Aperture Guide Pt. 1: The Basics of Aperture
In our last SLR Lounge Shooting Guide article, we covered the basics of shutter speed and how it is responsible for either conveying motion or freezing motion in an image. It is also one of the three factors that control exposure.
The second component of the exposure triangle is aperture. This article is part 1 of our aperture guide that will talk about aperture and its role in photography. We will start off by explaining what aperture is, what f-stop is, and how aperture controls exposure.
The simplest explanation for aperture is simply an opening inside the lens in which light can shine through. The size of the aperture’s opening is controlled by a set of overlapping metal blades called a diaphragm.

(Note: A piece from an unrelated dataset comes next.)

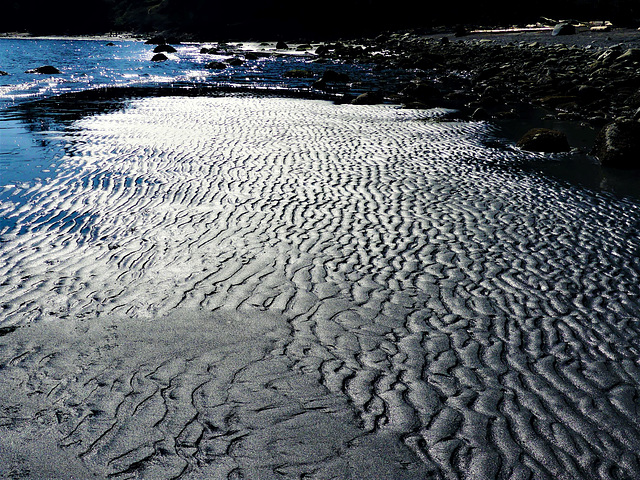 Beach walk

This set of adjustable blades determines how much light hits the sensor at any given time. Just think of this opening like the valve handle of a water faucet. The wider you open the faucet, the more water pours out, and the wider the aperture opening, the more light pours into the sensor.
Most modern lenses allow you to control the size of the aperture opening from the camera itself, but some modern lenses and the majority of vintage lenses have an aperture ring on the lens itself that allow you to control the diaphragm directly.

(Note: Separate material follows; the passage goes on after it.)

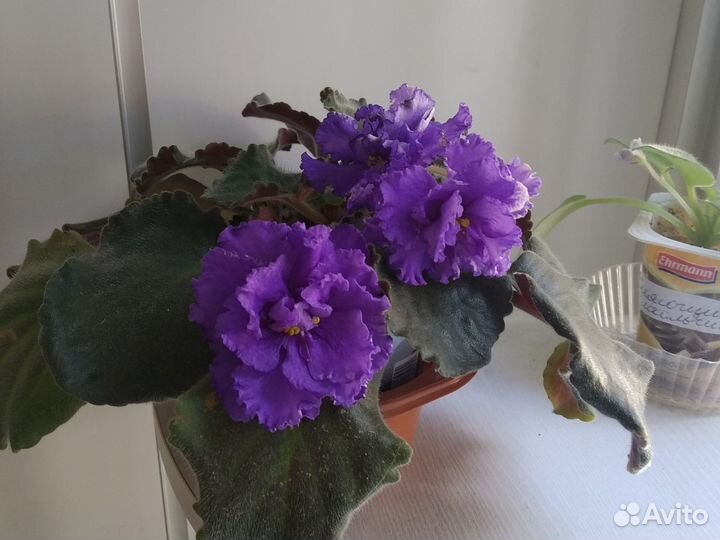 Сенполия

Measuring aperture can be confusing at first. This is because aperture is measured by f-numbers or f-stops, which is the ratio of the lens’ focal length divided by the effective aperture diameter.
So if you take a 200mm lens and divide it by a 50mm aperture diameter opening, you end up with an f-stop of 4, or f/4. Now, for a 100mm lens, you only need an aperture diameter opening of 25mm to get to f/4.
So what this means is that unlike shutter speed, which is measured in absolute value of time, an f-stop is relative to the length of the lens and the diameter of the aperture opening itself.
The main thing that you do have to remember about the f-stop is that they are inverse values, which means that just like a fraction, the larger the number is, the smaller the diameter opening. A way to visualize this is to think of slices of a pizza pie. A quarter (1/4) slice of pie is larger than an eighth (1/8) slice of a pie. So an aperture opening with a lower value like f/4 is a larger than an aperture opening with a higher value like f/8. In other words, a large or open aperture has a low f-stop number, while a small or closed aperture has a high f-stop number.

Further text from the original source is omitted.